Unemployment and those crazy numbers.

I’ve written about unemployment before here and here. The picture is just getting blearier. Saudi men are having trouble finding jobs with an unemployment rate of 10.5% and more than 449,000 open applications for government jobs in 2009. Compare that to 2008 in which the rate was 10% and the files 416,000 . As Abdulaziz Al Owashiq observed this is at a time when the economy is rising and yet the employment rate is going in the opposite direction. Another interesting observation of his is that the majority of those unemployed are those that should be the easiest to employ; 43% of the unemployed are between the ages of 20-24, 44% have at least a BA and 80% are single!

If that’s how bad it is for men can you imagine how tough it is for women? Now the numbers on women are so bad that the government won’t even acknowledge them.

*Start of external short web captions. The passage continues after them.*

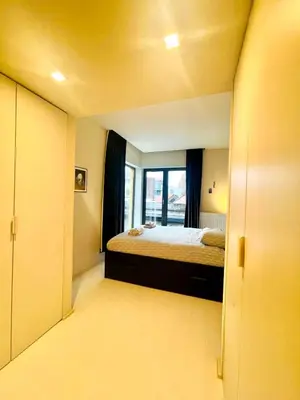 a small room with a bed and a window at Elegant Central Apartment Quiet and Bright in Brussels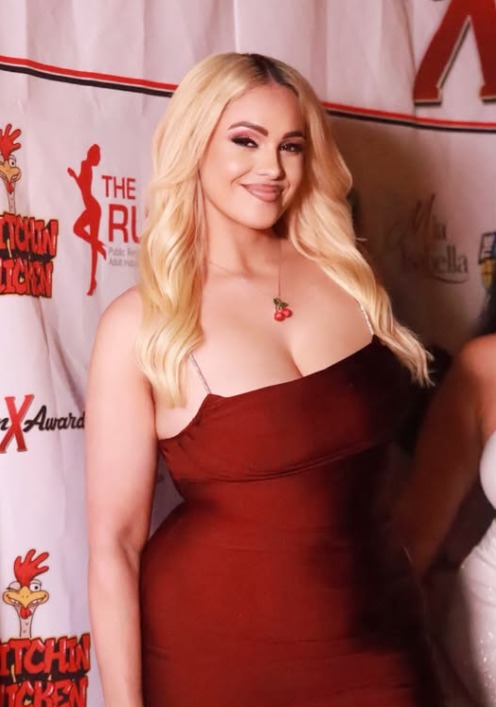 Thick blonde Puerto Rican OnlyFans model Jeyla Spice in a red dress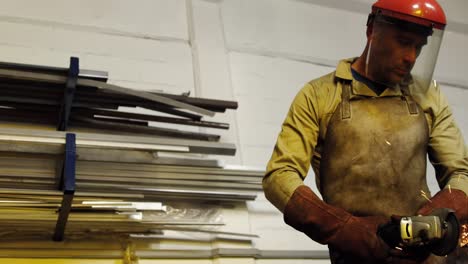 welder cutting metal with electric tool in workshop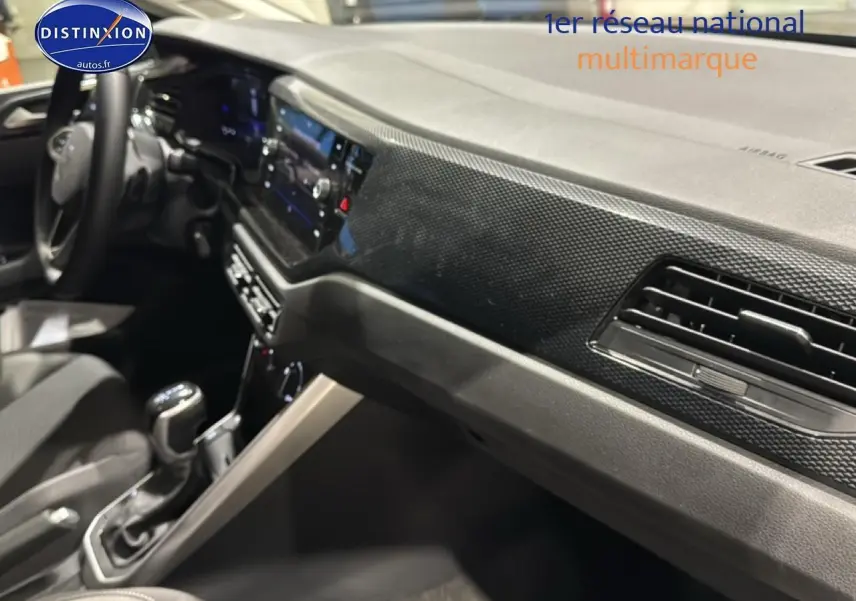 Vue intérieure côté passager de la Volkswagen Polo gris cendre, avec tableau de bord décor lava stone black et console centrale.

Dr. Mona AlMunajjed in cooperation with Booz & Co did an extensive study on Saudi women unemployment rates and the reasons behind it. The report is in English and worth a read.  An Arabic summary of this was published in local newspapers. The article included the findings that 1000 women PhD holders are unemployed, and it was this that was put as a header and that seemingly offended the government the most. Two weeks later the Ministry of Labour’s spokesperson came out denying that there were any jobless PhD holders and demanding an apology which Booz & Co generously provided. Dr. Adel Al Salah conducted his own investigation and unsurprisingly found that Booz & Co and Dr. AlMunnajjed had nothing to apologize for and that their study was legitimate. But nothing gets the Saudis all prickly like the news that citizens might actually be unhappy, especially women. We’re all queens and sheltered jewels.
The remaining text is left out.